Soldier F is also suspected of being present at the Ballymurphy Massacre six months previously, having been praised for “gallantry” at the time by his superiors, who included Brigadier Frank Kitson, author of the “Low Intensity Operations” counter insurgency manual.
The case against Soldier F was only launched in 2019. It was halted in 2021 after Northern Ireland's Public Prosecution Service (PPS) questioned the admissibility of statements made to the Royal Military Police in 1972. In March 2022, the Court of Appeal overruled the objections and ordered the PPS to resume proceedings against Soldier F, who in 1972 was a lance corporal.
The delay of more than half a century before a trial, let alone any conviction, testifies to the sustained efforts of the British state and its political appendages to prevent any legal reckoning with the origins and perpetrators of what remains the most infamous mass killings of the “Troubles”.
Bloody Sunday was not some accidental excess but flowed directly from the British government's brutal colonial policy. Thousands of British troops were deployed to Northern Ireland in 1969 by the then Labour government of Harold Wilson, to prevent the collapse of the British controlled Northern statelet under the impact of a mass civil rights movement demanding equal rights for Catholics, part of a worldwide upsurge of class struggle. In August 1971, the then Conservative government of Edward Heath, supported by Northern Ireland premier Brian Faulkner instigated a policy of mass arrests and internment of suspected Irish republicans. Hundreds were seized, their houses were smashed and families traumatised. Many were tortured for days.

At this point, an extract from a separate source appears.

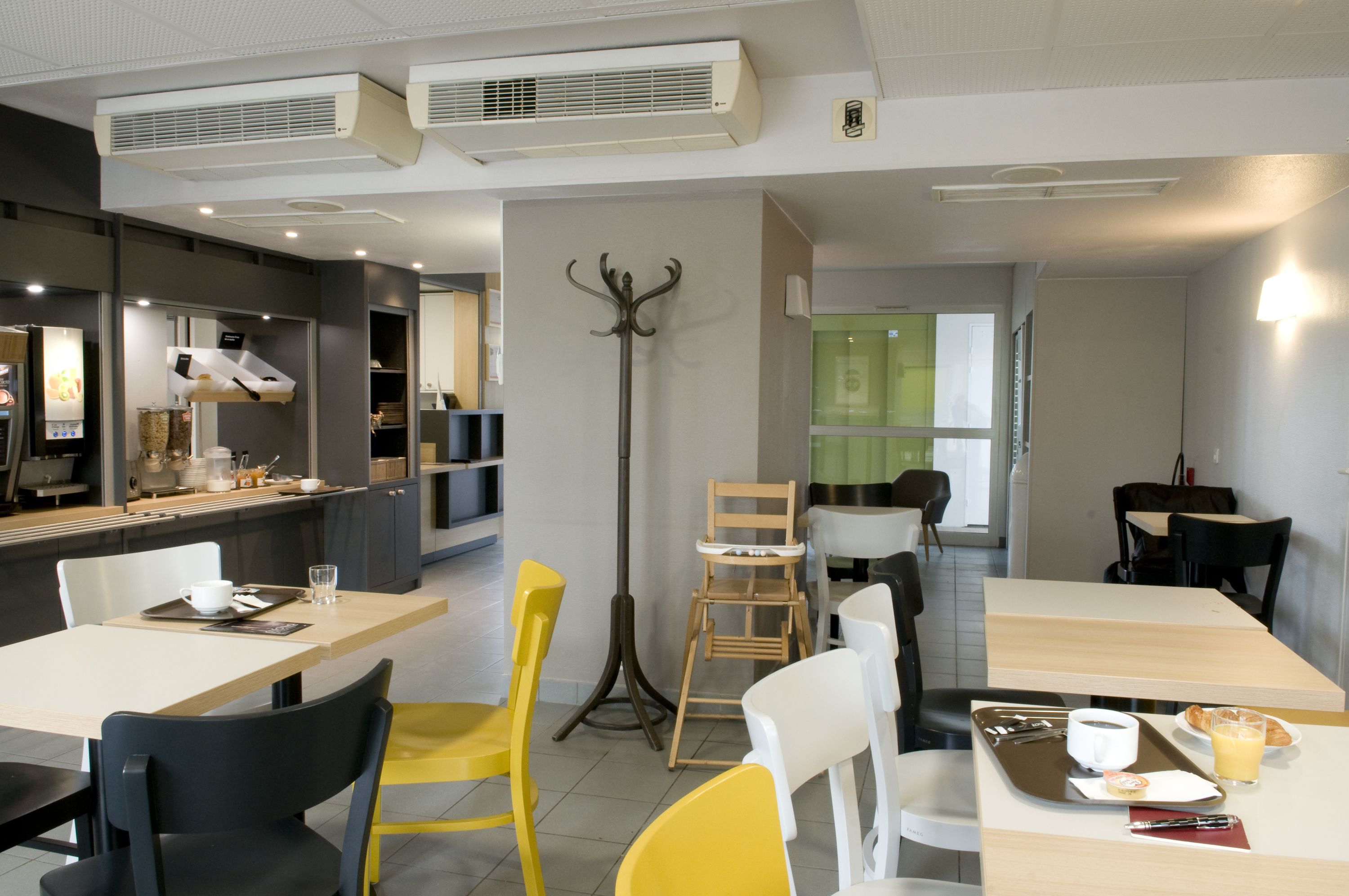 A modern cafe with tables and chairs, a counter with a menu, and a decorative wall piece.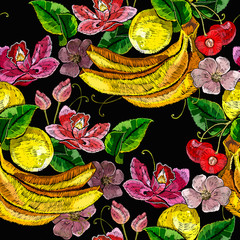 Embroidery lemons, cherry, bananas and flowers lotus. Seamless pattern. Summer fruit art. Tropical fashion template for clothes, textiles and t-shirt design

Popular opposition to internment culminated in the January 30, 1972 march, by which time over 22,000 troops were active in Northern Ireland, including the notoriously brutal Parachute Regiment, which was deployed in Derry as it had previously been deployed in Ballymurphy, Belfast. 15,000 marchers participated in a largely peaceful march, billed as a family day and which was intended to conclude with speeches.
Instead, marchers were subjected to a planned assault by the British Army, authorised and overseen by the Heath government. Heath was prepared to instigate mass arrests and 'even a shooting war', according to the minutes of the Northern Ireland government's Joint Security Committee in Belfast.

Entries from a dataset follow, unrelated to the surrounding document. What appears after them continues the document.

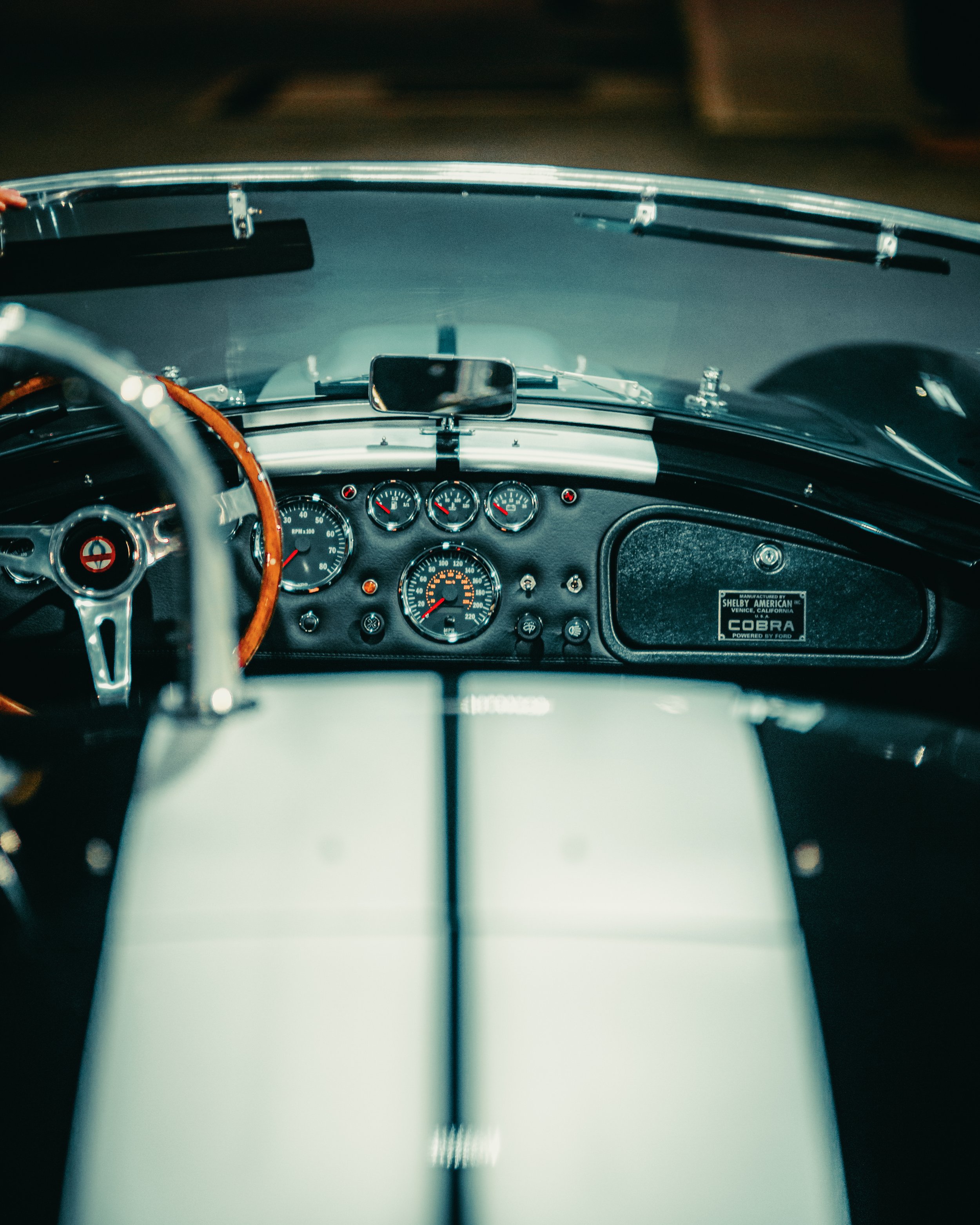 Cruscotto di un'auto sportiva classica con volante in legno e strumenti analogici visibili.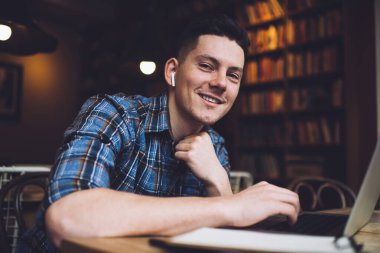 Mavi gömlekli, kablosuz kulaklıklı, dizüstü bilgisayarda sörf yapan kütüphane projesinde çalışan ve kameraya bakan mutlu bir adam.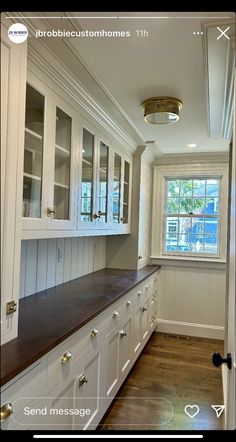 an empty kitchen with white cabinets and wood flooring in front of a large window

An anonymous soldier placed in a witness protection programme told the Saville Inquiry of paratroopers anticipating “kills”, the day before Bloody Sunday. When they arrived in Derry, one paratrooper leapt out of the armoured vehicle and started firing immediately at some 40 civilians “running in an effort to get away.” Soldier F is one of 21 members of the Parachute Regiment who fired their weapons that day.
An initial inquiry which reported April 1972 into the killings by a former British Army brigadier, Lord Widgery, was a blatant cover-up. Widgery said there would have been no deaths if there had not been an “illegal march”, that there was “no reason to suppose that the soldiers would have opened fire if they had not been fired upon first” and that the shootings reflected “differences in the character and temperament of the soldiers concerned”. Widgery falsely claimed there was “a strong suspicion” that some of the victims “had been firing weapons or handling bombs in the course of the afternoon.”
Recently released state papers underscored that maintaining the cover-up remained the policy of both Labour and Tory governments, even as the British establishment concluded a new inquiry would have to be conceded.
In early 1997, in the midst of the “peace process” that ultimately brought the “Troubles” to an end, then Tory Secretary of State for Northern Ireland, Sir Patrick Mayhew, told the Irish deputy premier, Dick Spring that the British government would not apologise for Bloody Sunday and that there was “not much prospect” of Widgery's 1972 findings being overturned. Mayhew hinted that the British government might express “profound regret” but that any apology would be to “accept liability”.
A few months later, under Labour's Tony Blair, Mayhew's replacement as Northern Ireland Secretary Mo Mowlam was presented with a civil service briefing paper which noted “renewed interest in the prospects of securing some kind of change in the Government's position, either unilaterally or through the medium of a new inquiry.”
Mowlam was inclined to agree, so long as any inquiry was rigged to ensure that no British soldier or official ended up in jail. Mowlam wrote to Labour's Defence Secretary George Robertson to explain, “The overriding limitation would be that no soldier or other Crown servant should be placed in jeopardy of legal action by whatever the reviewer might find or by what might flow from his findings.”
Another paper from a Northern Ireland Office civil servant warned that what “concerns Ministry of Defence officials most” was the possibility of re-opening inquests for the Bloody Sunday victims or any review which might suggest soldiers should be prosecuted. In the event, Blair agreed to a new inquiry as part of a deal to bring Sinn Fein into the power-sharing structures of government in Northern Ireland, set up by the 1998 Good Friday Agreement.
The Saville Inquiry was finally set up in 1998, heard evidence until 2004 and reported in 2010, when then Conservative Prime Minister David Cameron duly made an apology. While his report amassed a huge amount of testimony, Saville's conclusion was consistent with the demands of his political masters. Saville rejected many of Widgery's lies, exonerating the victims. The report concluded, however, that fire by one soldier resulted in others “losing their self-control and firing themselves, forgetting or ignoring their instructions and training.” The whole affair was, in effect, down to poor training and discipline on behalf of a handful of paratroopers.
The Soldier F case is one of many being subjected to every possible delaying action. Others, potentially much more damaging, include the threat of an inquiry into the 1989 murder of human rights lawyer Pat Finucane by a loyalist gunman acting with state collusion, which amounted, in the words of his widow Geraldine's barrister, to an “extra-judicial execution”. Last December, the British government was found in the High Court, and despite a 2019 Supreme Court ruling, to still be in breach of its legal obligation to carry out an investigation into the killing.
While continuing to block an investigation into Finucane's murder, the British government is pressing ahead with its Northern Ireland Troubles (Legacy and Reconciliation) Bill, which seeks amnesties on all “Troubles” cases in return for some level of co-operation with a toothless information recovery body. The legislation, intended to prevent any damaging new legal cases, is opposed by the groups who have campaigned for years to expose what happened to their loved ones. It has also been condemned by both the United Nation's (UN) Human Rights Council and the human rights commissioner of the Council of Europe.